11.40am. Well that was easy. I upgraded our virtualisation infrastructure to Xenserver 5.6 a couple of weeks ago but at the time I forgot to upgrade the XenTools packages. With 5 minutes spare today I was able to complete this task by performing the following:

* Attach the XenTools ISO by selecting VM->Install XenServer Tools.
* Mount the DVD:
mount /dev/xvdd /mnt
* Run the script on the mounted DVD.
./mnt/Linux/install.sh
* Unmount the DVD
umount /mnt
* Restart the VM.
* Check under Virtualisation State (found under the general tab for that VM) it says: Optimized

Fin.

Tuesday, 1 March 2011

7.50pm. So I watched 'the social network' over the weekend, and after watching the 'hacking' scene at the beginning of the film, I can confirm that downloading the jpeg pictures via an apache index is indeed kids stuff.

In case you were you were wondering I accomplished it via:
wget -r -A .jpeg APACHE_INDEX_PAGE_URL_HERE

4.00pm. The synchronisation finally finished, only took 14hrs!
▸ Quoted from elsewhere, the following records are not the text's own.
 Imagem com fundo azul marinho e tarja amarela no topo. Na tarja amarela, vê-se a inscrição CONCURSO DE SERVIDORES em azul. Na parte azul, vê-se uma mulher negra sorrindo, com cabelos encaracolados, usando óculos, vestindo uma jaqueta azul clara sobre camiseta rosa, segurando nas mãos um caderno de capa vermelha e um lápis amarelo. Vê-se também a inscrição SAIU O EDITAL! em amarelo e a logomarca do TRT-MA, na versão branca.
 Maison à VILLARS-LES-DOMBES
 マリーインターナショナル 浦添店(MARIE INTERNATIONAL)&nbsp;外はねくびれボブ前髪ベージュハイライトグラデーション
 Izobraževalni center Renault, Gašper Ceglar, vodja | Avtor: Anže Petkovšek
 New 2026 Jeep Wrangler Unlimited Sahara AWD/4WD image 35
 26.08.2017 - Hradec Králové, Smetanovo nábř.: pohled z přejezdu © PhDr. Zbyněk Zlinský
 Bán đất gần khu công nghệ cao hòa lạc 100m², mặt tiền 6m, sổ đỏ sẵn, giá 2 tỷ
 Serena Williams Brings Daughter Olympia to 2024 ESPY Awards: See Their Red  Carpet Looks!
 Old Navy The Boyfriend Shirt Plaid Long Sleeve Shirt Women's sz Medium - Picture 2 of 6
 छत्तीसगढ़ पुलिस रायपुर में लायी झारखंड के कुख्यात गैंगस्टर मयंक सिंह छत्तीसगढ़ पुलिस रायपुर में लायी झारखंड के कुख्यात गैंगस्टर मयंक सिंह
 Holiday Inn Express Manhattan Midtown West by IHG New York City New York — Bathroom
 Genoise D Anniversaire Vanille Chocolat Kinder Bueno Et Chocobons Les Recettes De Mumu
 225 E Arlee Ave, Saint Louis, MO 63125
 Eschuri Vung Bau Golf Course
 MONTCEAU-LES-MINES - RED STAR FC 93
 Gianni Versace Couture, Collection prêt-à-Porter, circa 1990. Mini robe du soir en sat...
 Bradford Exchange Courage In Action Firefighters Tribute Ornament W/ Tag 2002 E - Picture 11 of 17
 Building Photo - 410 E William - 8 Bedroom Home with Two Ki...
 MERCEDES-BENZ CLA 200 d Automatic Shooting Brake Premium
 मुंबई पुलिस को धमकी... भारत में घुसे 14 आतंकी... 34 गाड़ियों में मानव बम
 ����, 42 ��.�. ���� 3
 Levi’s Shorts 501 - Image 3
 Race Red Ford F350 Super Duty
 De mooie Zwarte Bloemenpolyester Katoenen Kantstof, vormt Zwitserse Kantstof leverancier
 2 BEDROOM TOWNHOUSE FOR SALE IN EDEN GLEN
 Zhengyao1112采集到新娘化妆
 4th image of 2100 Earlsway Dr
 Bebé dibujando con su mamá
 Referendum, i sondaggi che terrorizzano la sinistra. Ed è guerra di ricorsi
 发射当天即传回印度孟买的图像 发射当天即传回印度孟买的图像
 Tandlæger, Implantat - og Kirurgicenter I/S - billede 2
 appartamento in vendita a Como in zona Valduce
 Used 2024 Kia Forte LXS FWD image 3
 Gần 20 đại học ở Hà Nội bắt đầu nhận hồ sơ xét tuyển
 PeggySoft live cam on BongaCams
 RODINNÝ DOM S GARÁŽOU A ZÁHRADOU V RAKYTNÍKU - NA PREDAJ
Now I am struggling with the telephony box again that we had to restart yesterday, it appears to be running on IIS 5.1 Personal Web Server with its oh so joyful 10 simultaneous user limit. It appears to be registering each transaction I complete as a new connection under Opera and then drops me to a 403 after 10 clicks. Joy.

I can imagine the response from their tech support now; "Have you tried restarting the server?"